1) Little Brother by Cory Doctorow (this is the front runner)
2) Collapse by Jared Diamond
3) Grayson by Lynne Cox
4) Suit Francaise by Irene Nemirovsky and Sandra Smith
5) A Town Like Alice by Nevil Shute
6) Geek Love by Katherine Dunn
7) Our Kind by Marvin Harris
8) Devil in the White City by Erik Larsen
9) The Path Between the Seas by David McCullough (and various others by this author)

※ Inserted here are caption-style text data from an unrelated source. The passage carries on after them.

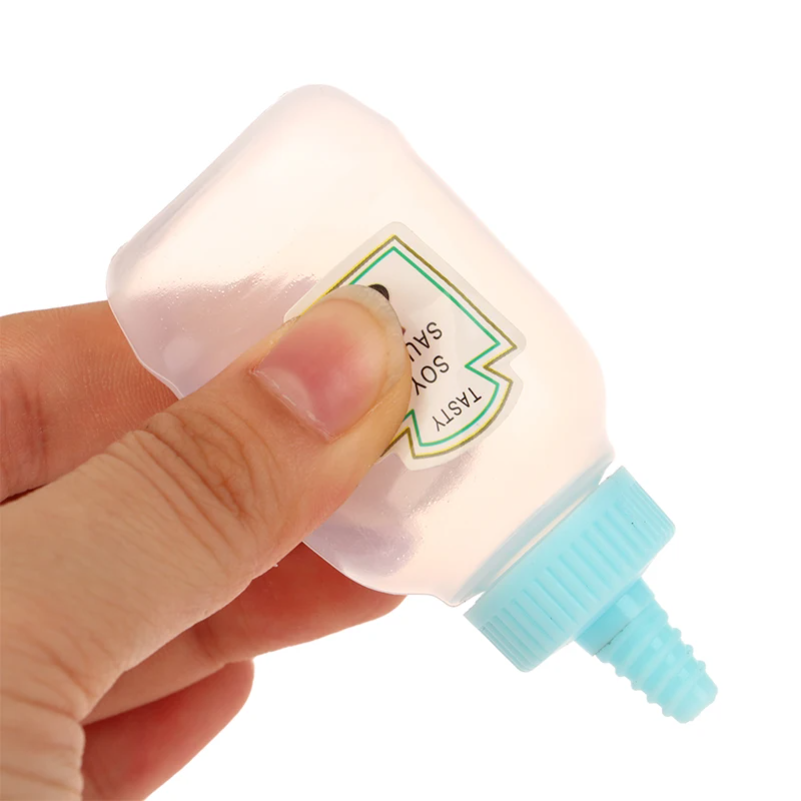 Herb Keeper Bottle - 4 ピース/セットミニソースボトルケチャップ蜂蜜サラダ容器ボトルポータブルソースジャー収納ランチボックスドレッシングディスペンサー -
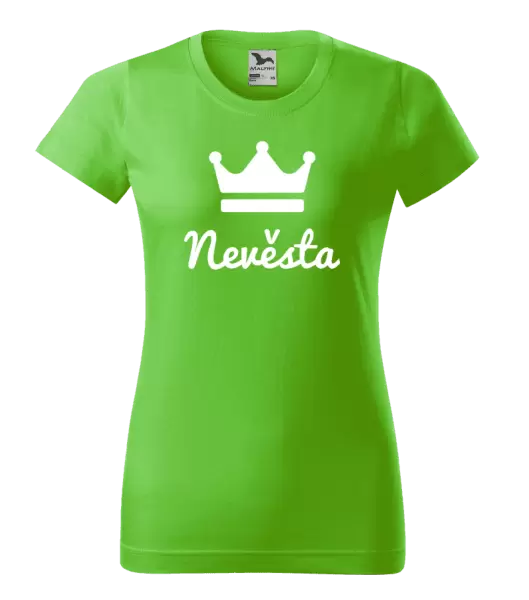 Dámské tričko Nevěsta - korunka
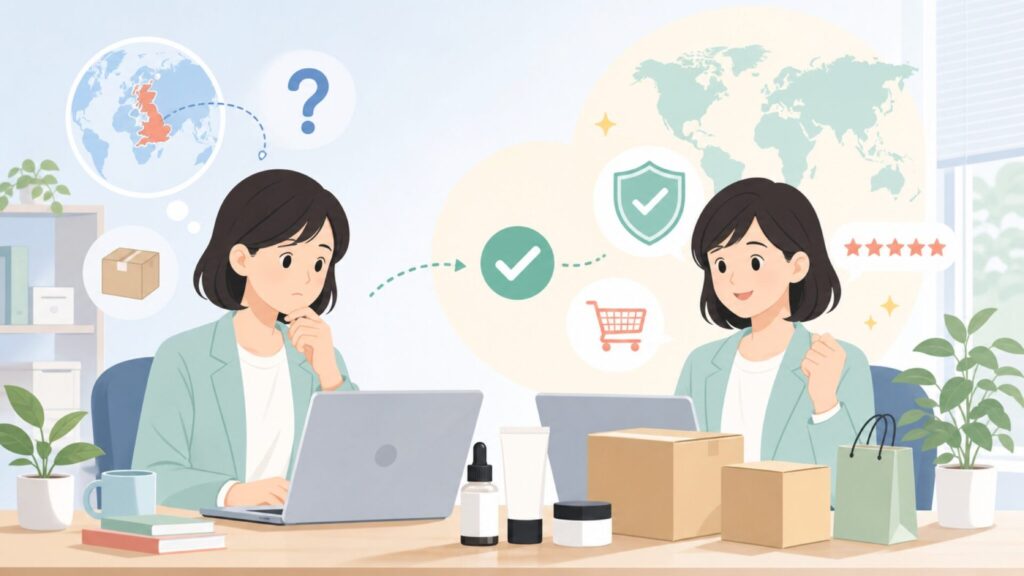 The INKEY Listはどこの国のブランド？イギリス発の成分系コスメを徹底解説の要点を表すイラ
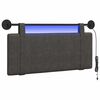 vidaXL Hangend hoofdbord Zwart Antiek PU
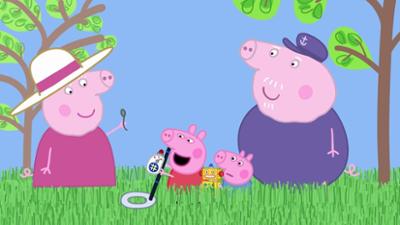 Peppa Pig: Staffel 8, Folge 12: Der Metalldetektor von Opa Wutz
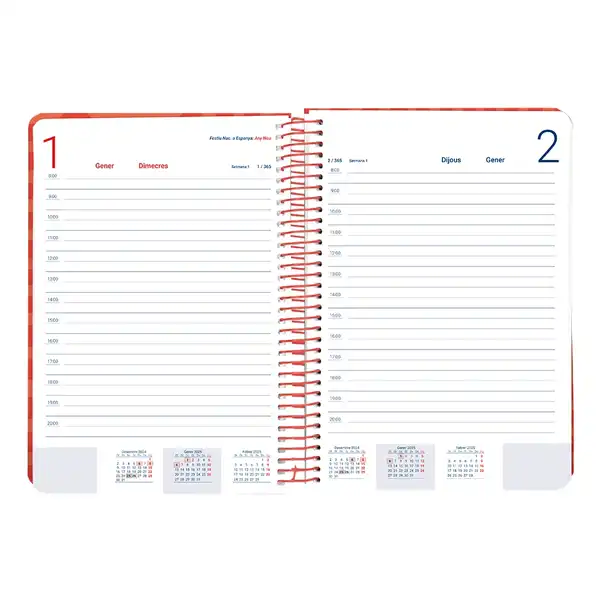 AGENDA ESPIRAL LIDERPAPEL SYROS 15X21CM DP 60GR CALAN 170426 AGENDA ESPIRAL LIDERPAPEL SYROS 15X21CM DP 60GR CALAN 170426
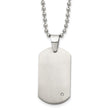Titanium .02ct. Diamond Accent Necklace - Birthstone Company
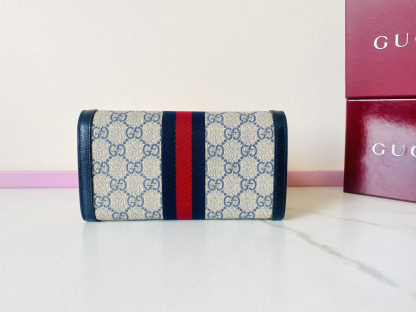 GUCCI グッチ オフィディア コレクション 523153 クラシックキャンバス レディース長財布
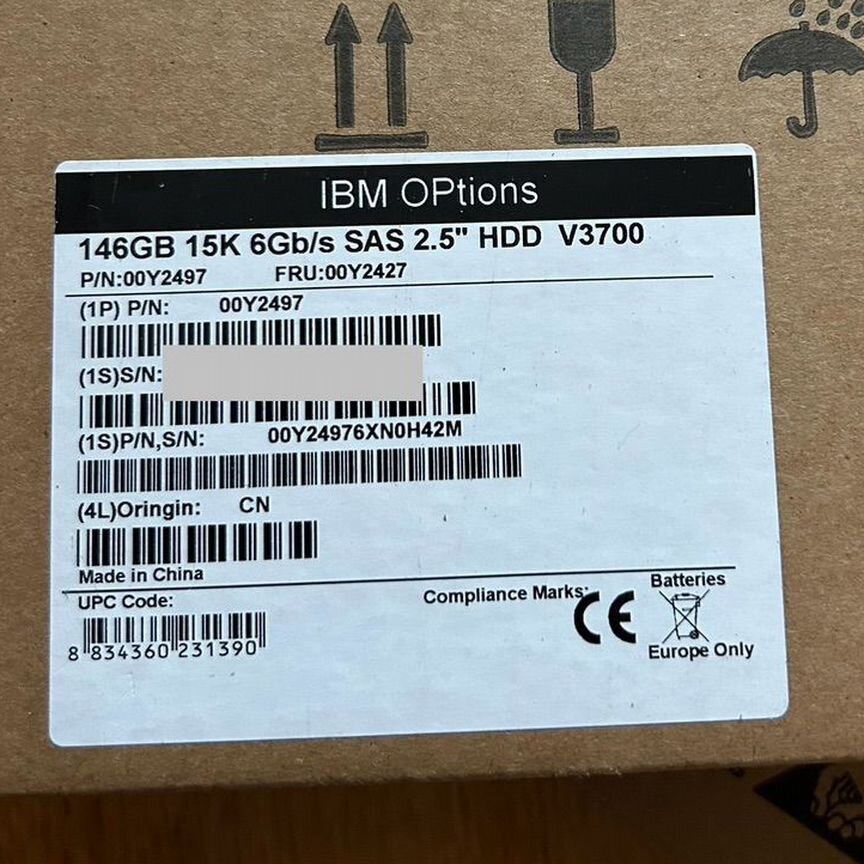 [00Y2427] Жесткий Диск Ibm 146gb 15k 2.500y2497 V37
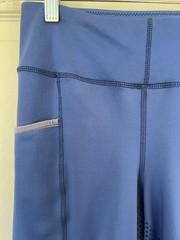 Riding Sport By Dover Saddlery Silicon Riding Tights Pockets Blue Medium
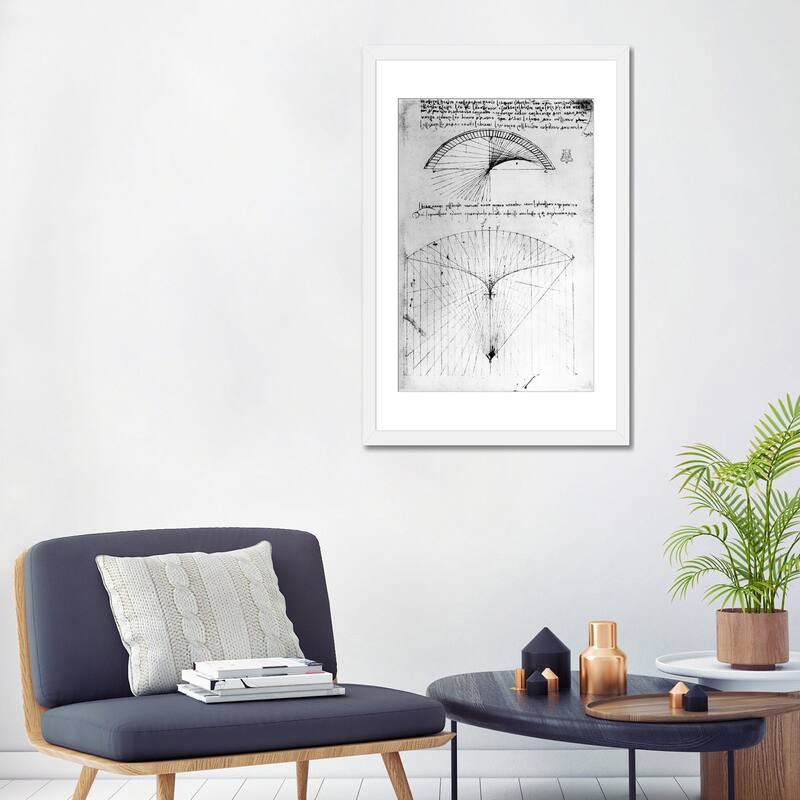 iCanvas "Studies of concave mirrors of constant and parabolic curvatures" by Leonardo da Vinci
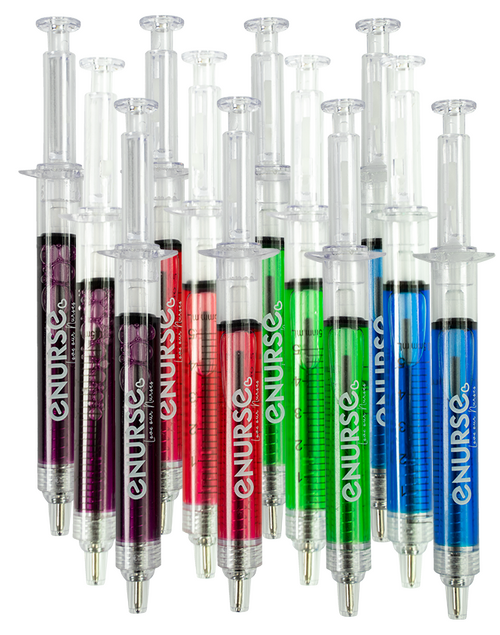 Novelty Syringe Pen Pack [x12]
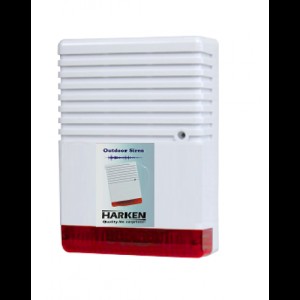 Εξωτερική Σειρήνα συναγερμού Harken 120db με φλάς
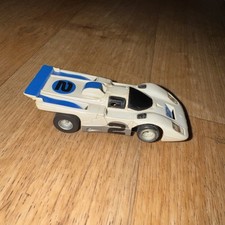 1972 AURORA AFX FERRARI 512M WHITE/BLUE  2 SLOT CAR Run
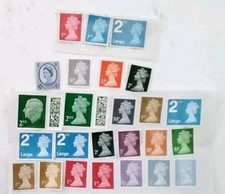 25 Definitive GB Stamps, Used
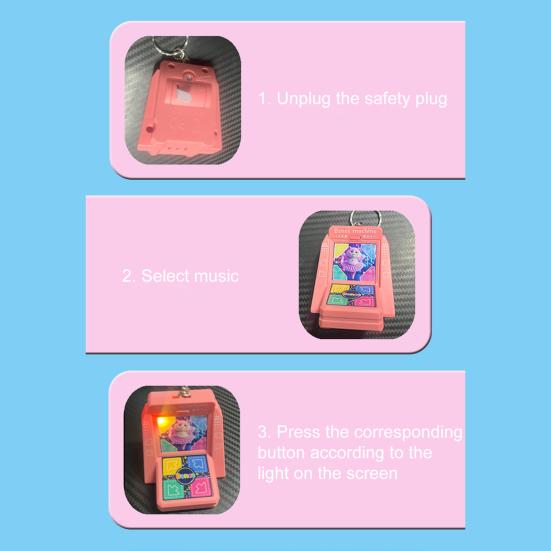 Мини-аркадный танцевальный автомат с брелоком и музыкальной реакцией, портативная игровая консоль для детей и взрослых, работающая от батареек, танцевальный игровой автомат, брелок, игрушка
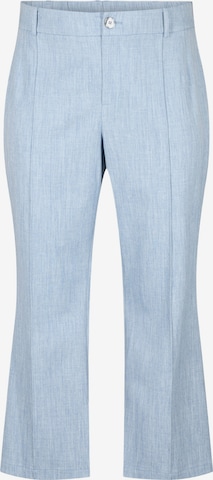 Zizzi Regular Pleat-front trousers 'MKOOPA' in Blue: front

10) The Sookie Stackhouse series (on which HBO's True Blood is based) by Charlaine Harris
I think 10 is a good start. Vote, veto, and keep suggestions coming for a week or two! Then we'll make a final decision and start reading......
5 comments:
I recently saw your post about reading Irène Némirovsky's Suite Française. I wanted to pass along some information on an exciting new exhibition about Némirovsky's life, work, and legacy at the Museum of Jewish Heritage —A Living Memorial to the Holocaust in New York City. Woman of Letters: Irène Némirovsky and Suite Française, which will run through the middle of March, will include powerful rare artifacts — the actual handwritten manuscript for Suite Française, the valise in which it was found, and many personal papers and family photos. The majority of these documents and artifacts have never been outside of France. For fans of her work, this exhibition is an opportunity to really “get to know” Irene. And for those who can’t visit, there will be a special website that will live on the Museum’s site www.mjhnyc.org/irene
The Museum will host several public programs over the course of the exhibition’s run that will put Némirovsky’s work and life into historical and literary context. Book clubs and groups are invited to the Museum for tours and discussions in the exhibition’s adjacent Salon (by appointment). It is the Museum’s hope that the exhibit will engage visitors and promote dialogue about this extraordinary writer and the complex time in which she lived and died. To book a group tour, please contact Chris Lopez at 646.437.4304 or clopez@mjhnyc.org. Please visit our website at www.mjhnyc.org for up-to-date information about upcoming public programs or to join our e-bulletin list.
Thanks for sharing this info with your readers. If you need any more, please do not hesitate to contact me at hfurst@mjhnyc.org
museum spam? that's a first. I'd like to echo my comments in the last post: Little Brother!
I'm willing to read any of these. So I'll go with the front runner.
WOOT! I'm already reading Little Brother....
....let me tell you all how it ends...see...there is this flat, white, smooth sheet of paper. On it are these very dark, almost sinister, characters.
Wait...isn't that how all books end?
I'm sorry I missed the meeting. Quite a few people I work with are now reading Little Brother. My son will get my copy when he comes down from Seattle. I ordered my copy of Snow Crash. so I will get busy with it this week-end. See you all soon.